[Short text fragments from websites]
####
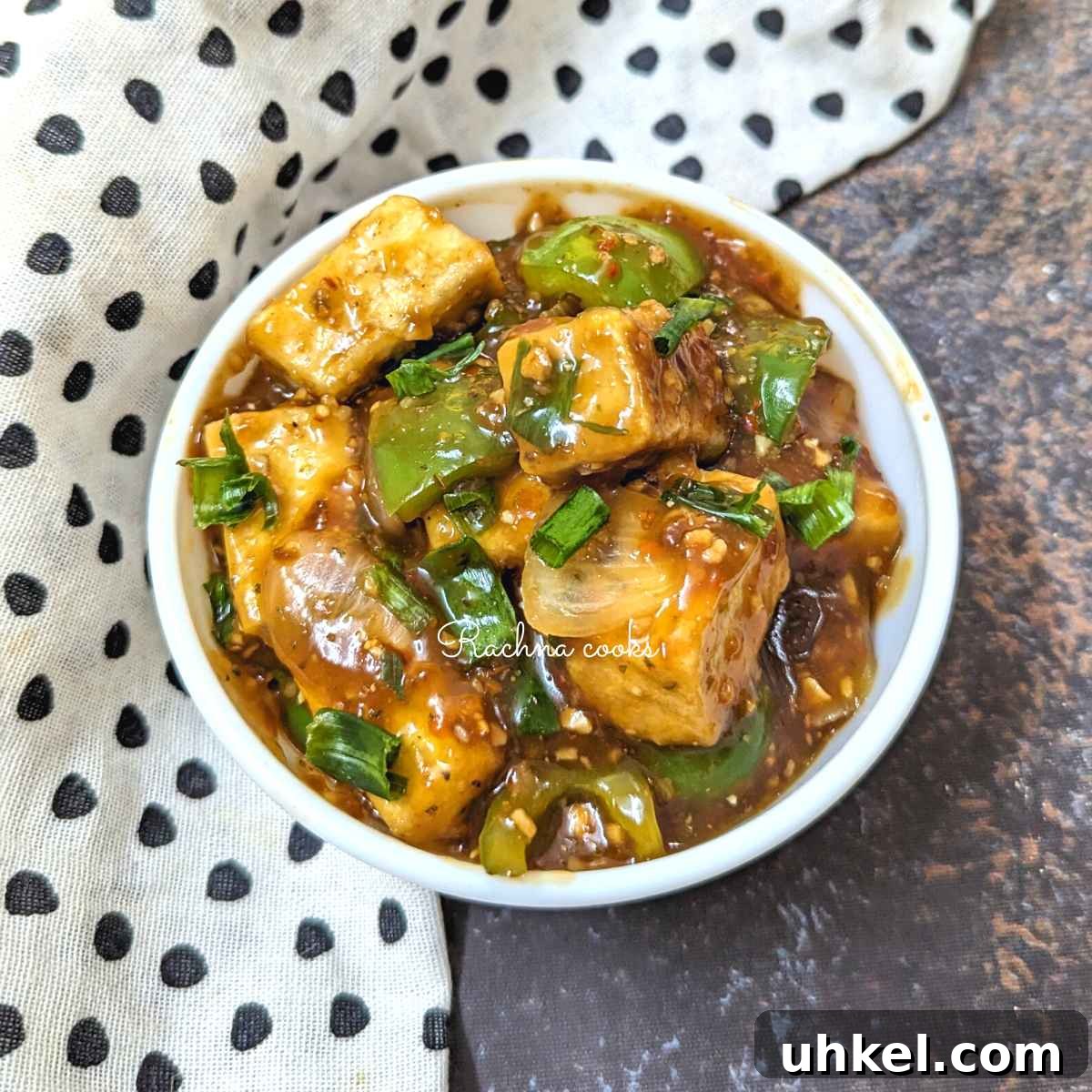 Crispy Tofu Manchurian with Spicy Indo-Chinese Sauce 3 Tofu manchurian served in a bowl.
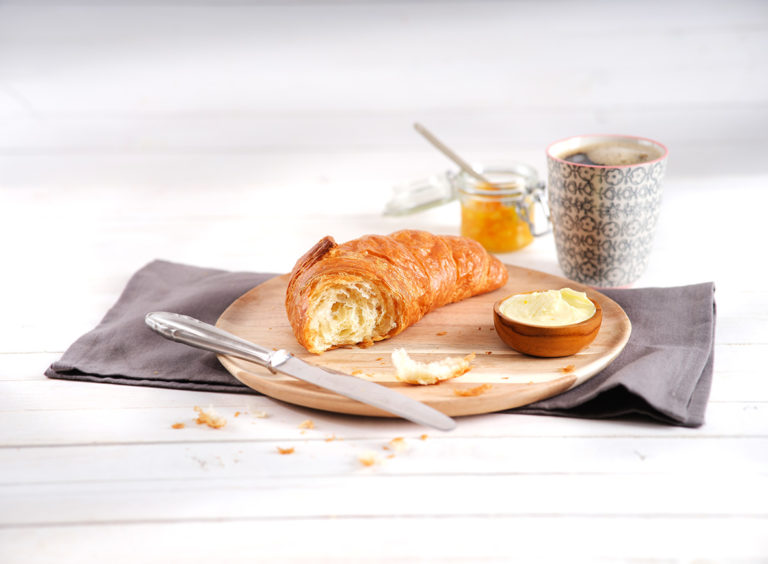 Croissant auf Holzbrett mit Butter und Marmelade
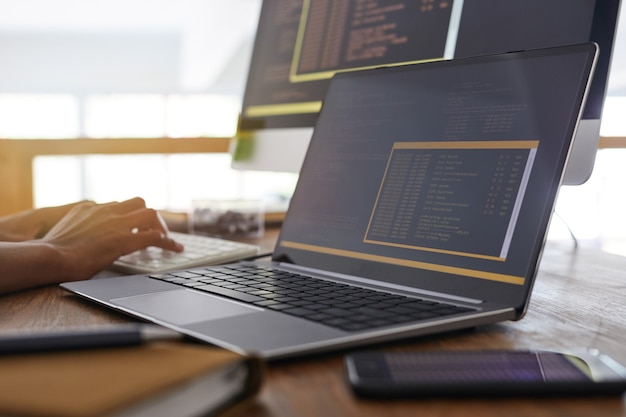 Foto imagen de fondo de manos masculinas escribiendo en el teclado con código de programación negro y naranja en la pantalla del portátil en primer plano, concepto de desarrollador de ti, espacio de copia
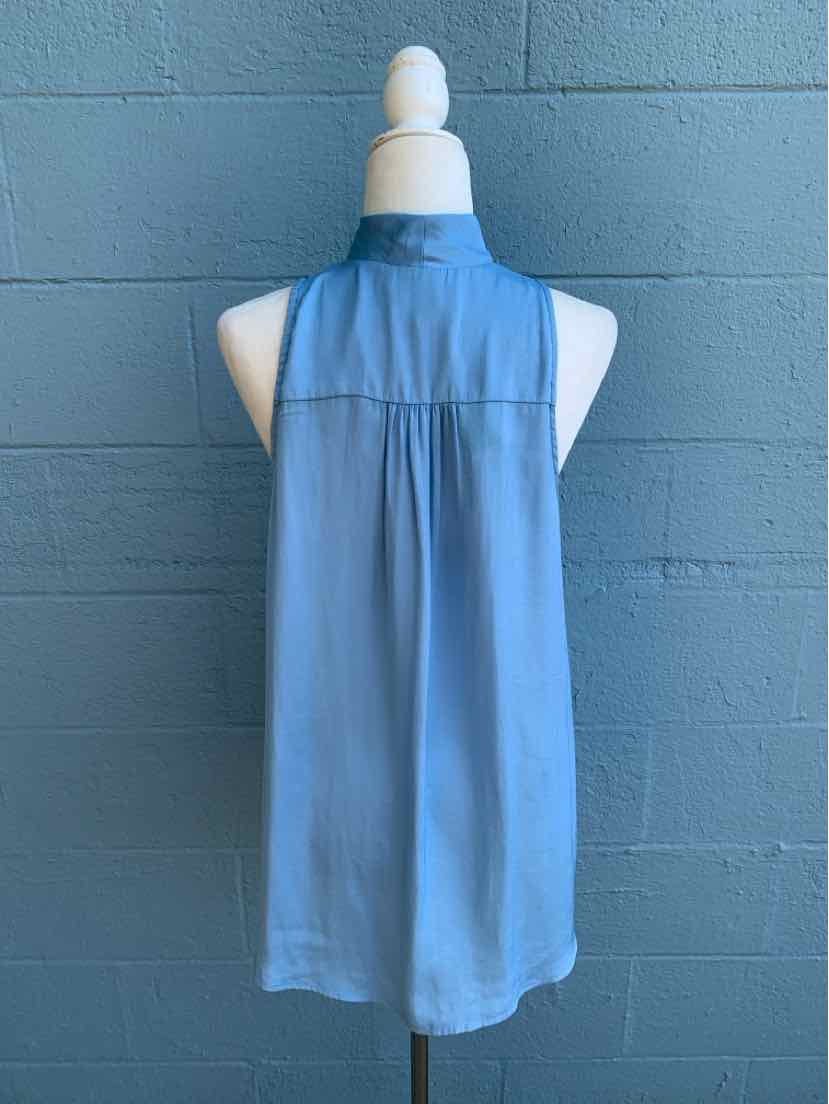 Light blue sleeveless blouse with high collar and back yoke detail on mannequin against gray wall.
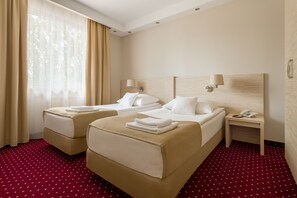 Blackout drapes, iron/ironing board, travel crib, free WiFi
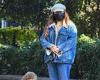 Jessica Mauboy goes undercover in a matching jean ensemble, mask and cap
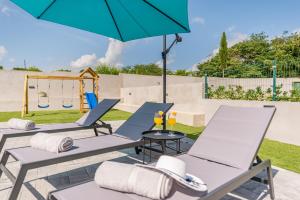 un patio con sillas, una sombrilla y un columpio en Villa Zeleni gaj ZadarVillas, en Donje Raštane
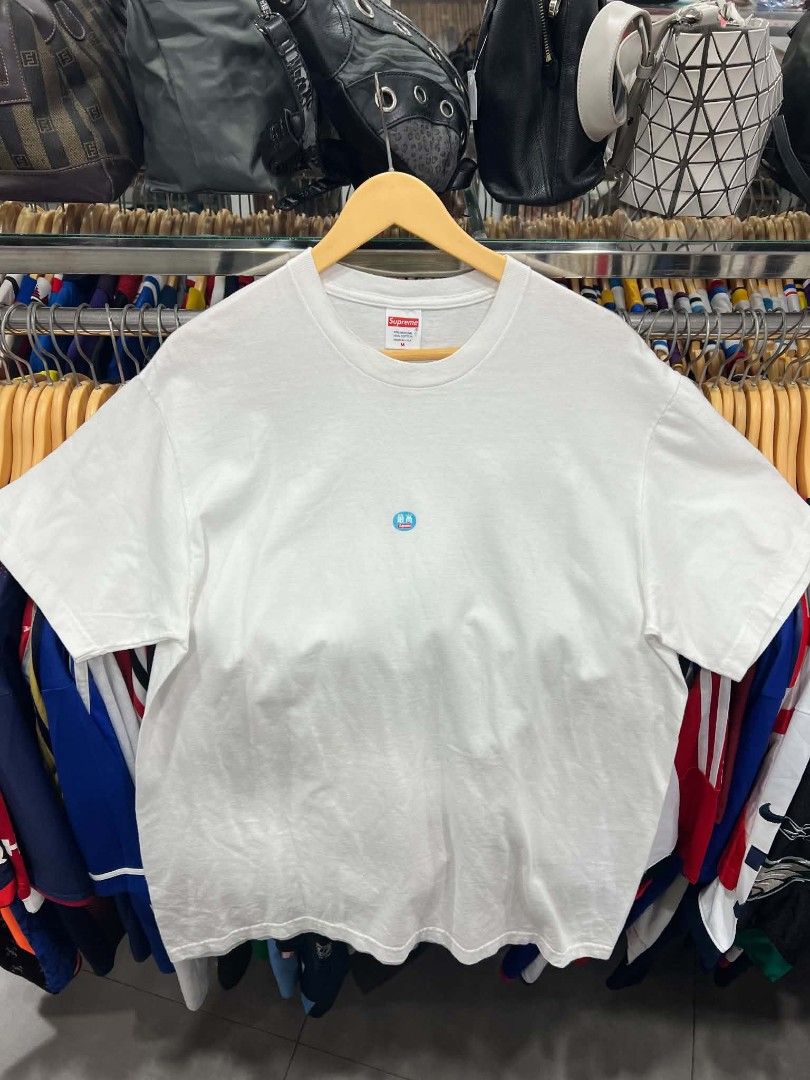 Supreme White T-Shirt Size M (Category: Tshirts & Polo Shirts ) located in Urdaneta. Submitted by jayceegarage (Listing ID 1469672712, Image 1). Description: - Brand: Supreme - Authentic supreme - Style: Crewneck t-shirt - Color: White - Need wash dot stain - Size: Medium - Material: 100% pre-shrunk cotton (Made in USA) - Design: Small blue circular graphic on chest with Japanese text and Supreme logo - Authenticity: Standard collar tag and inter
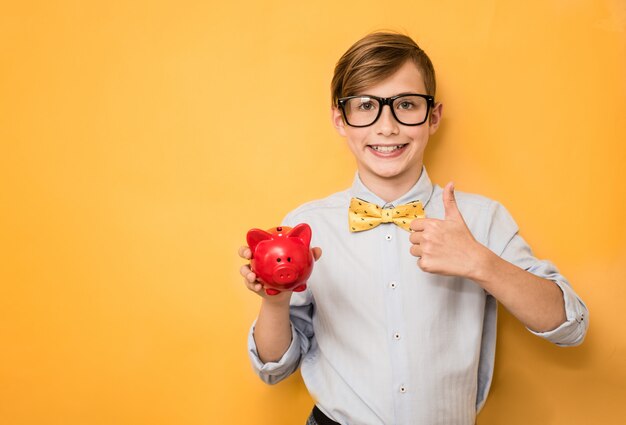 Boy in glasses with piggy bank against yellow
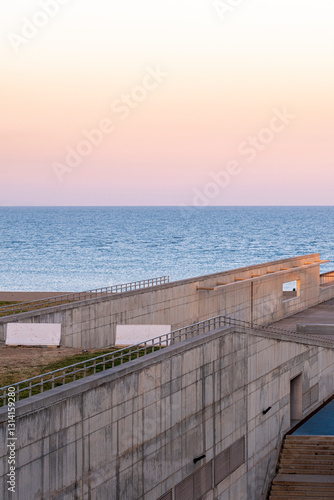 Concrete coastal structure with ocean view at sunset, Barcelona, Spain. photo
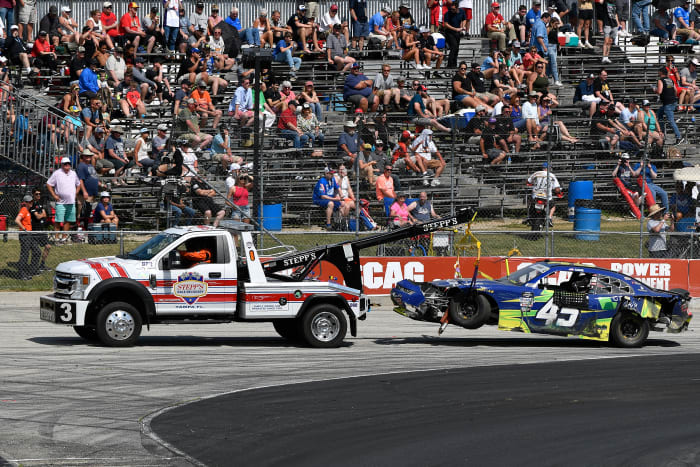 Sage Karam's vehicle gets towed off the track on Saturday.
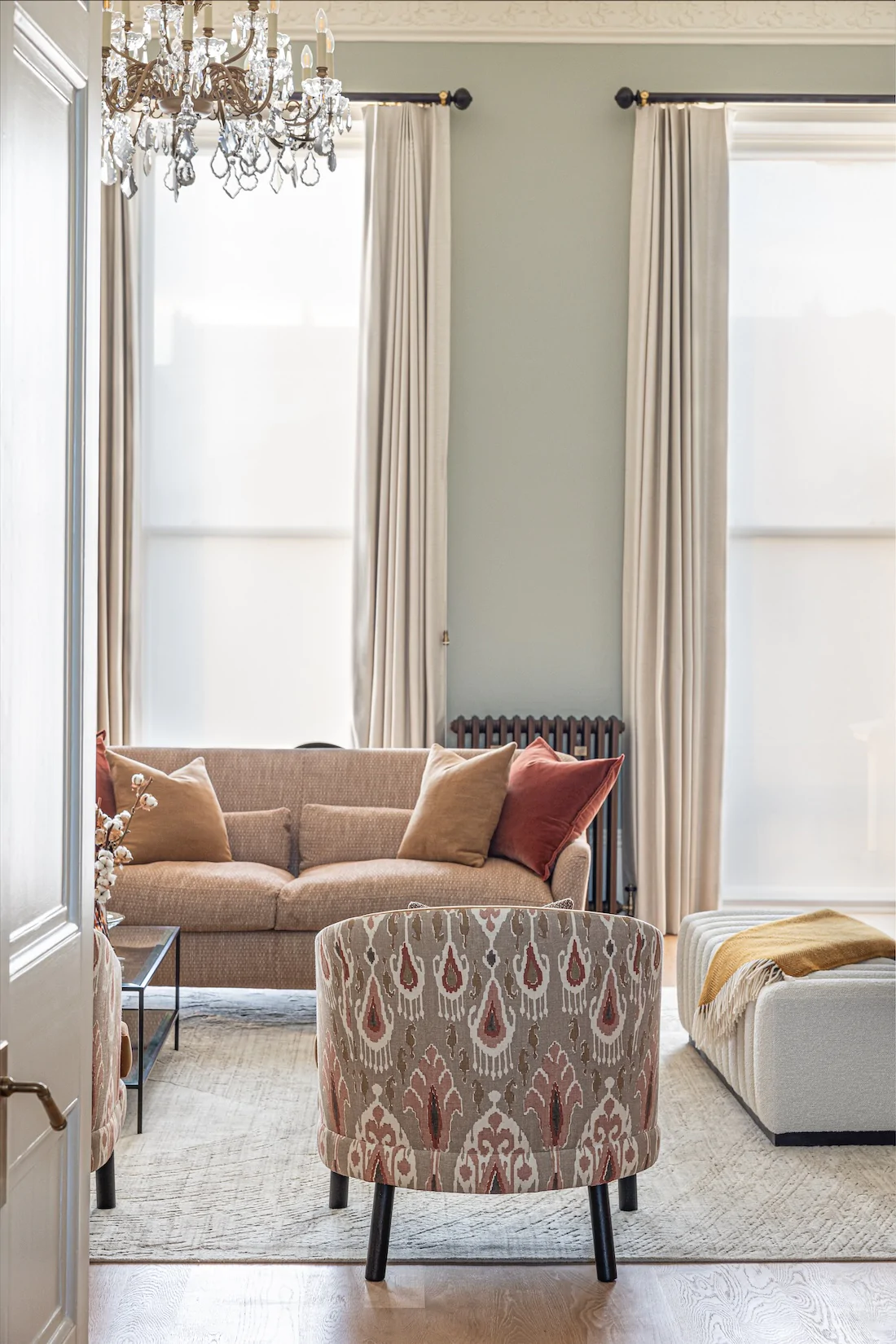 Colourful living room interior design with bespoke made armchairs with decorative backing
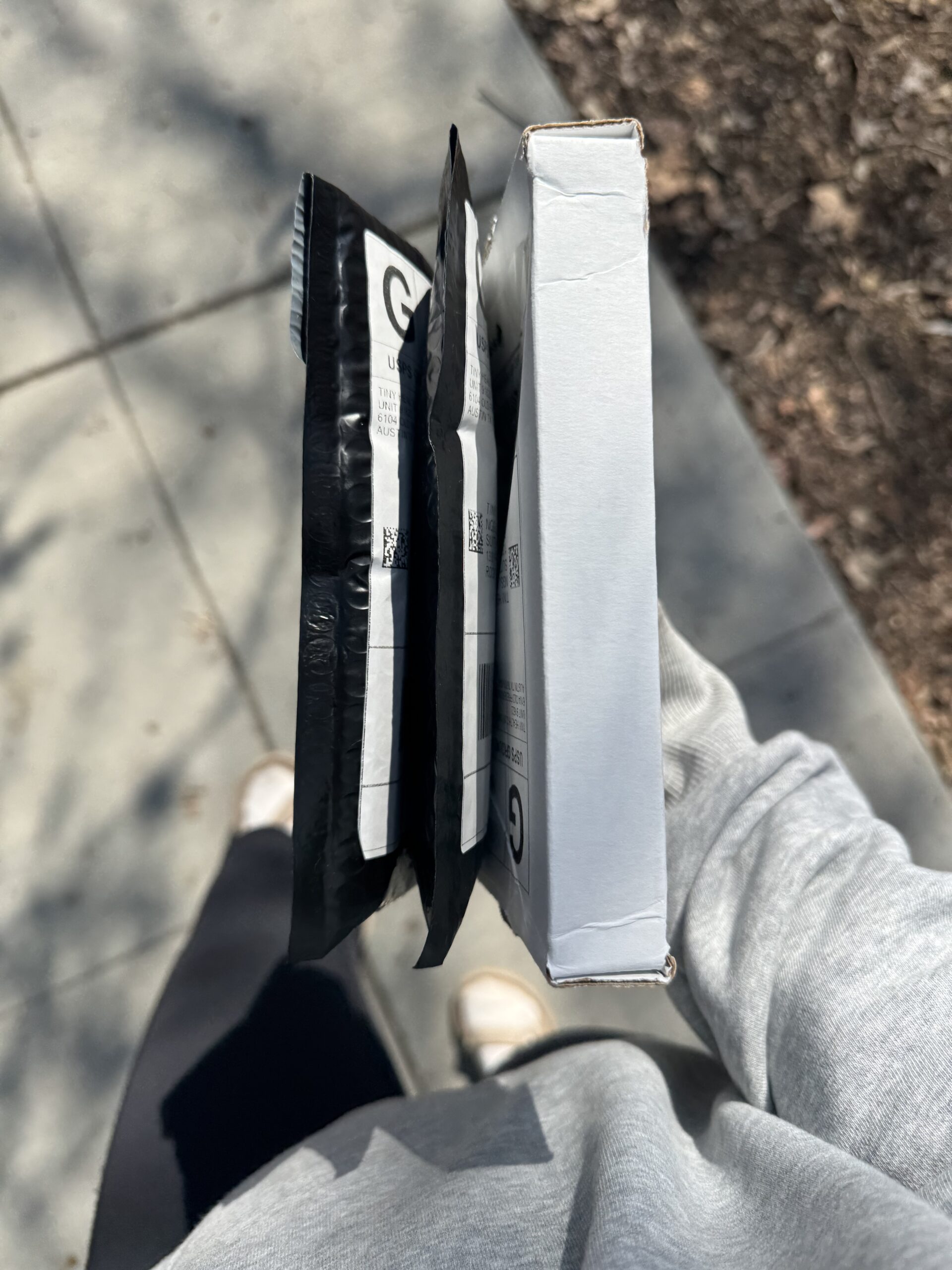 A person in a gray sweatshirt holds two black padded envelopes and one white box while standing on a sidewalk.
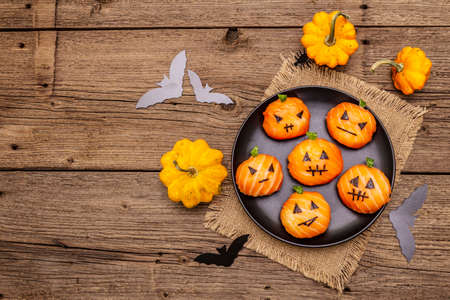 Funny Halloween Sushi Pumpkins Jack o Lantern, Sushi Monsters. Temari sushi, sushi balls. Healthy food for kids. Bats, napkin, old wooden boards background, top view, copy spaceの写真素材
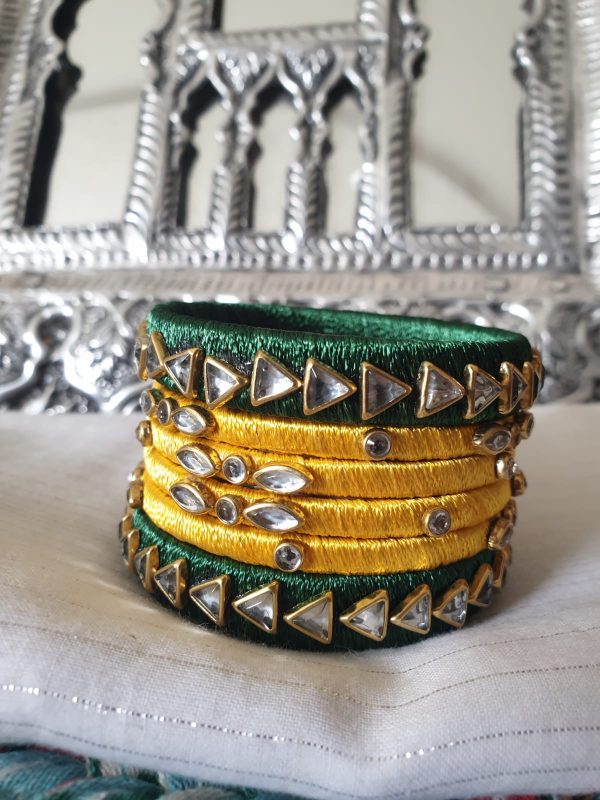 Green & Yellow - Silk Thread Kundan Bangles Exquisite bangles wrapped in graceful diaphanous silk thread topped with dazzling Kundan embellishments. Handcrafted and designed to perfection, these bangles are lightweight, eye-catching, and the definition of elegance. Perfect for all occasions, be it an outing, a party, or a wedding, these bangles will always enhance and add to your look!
####
All lines from the beginning of the entries above to the line containing "Jessica Mauboy goes", inclusive, should be printed exactly, apart from the pictures.

* **Finished exercise**:
 Crispy Tofu Manchurian with Spicy Indo-Chinese Sauce 3 Tofu manchurian served in a bowl.
 Croissant auf Holzbrett mit Butter und Marmelade
 Foto imagen de fondo de manos masculinas escribiendo en el teclado con código de programación negro y naranja en la pantalla del portátil en primer plano, concepto de desarrollador de ti, espacio de copia
 Light blue sleeveless blouse with high collar and back yoke detail on mannequin against gray wall.
 Blackout drapes, iron/ironing board, travel crib, free WiFi
 Jessica Mauboy goes undercover in a matching jean ensemble, mask and cap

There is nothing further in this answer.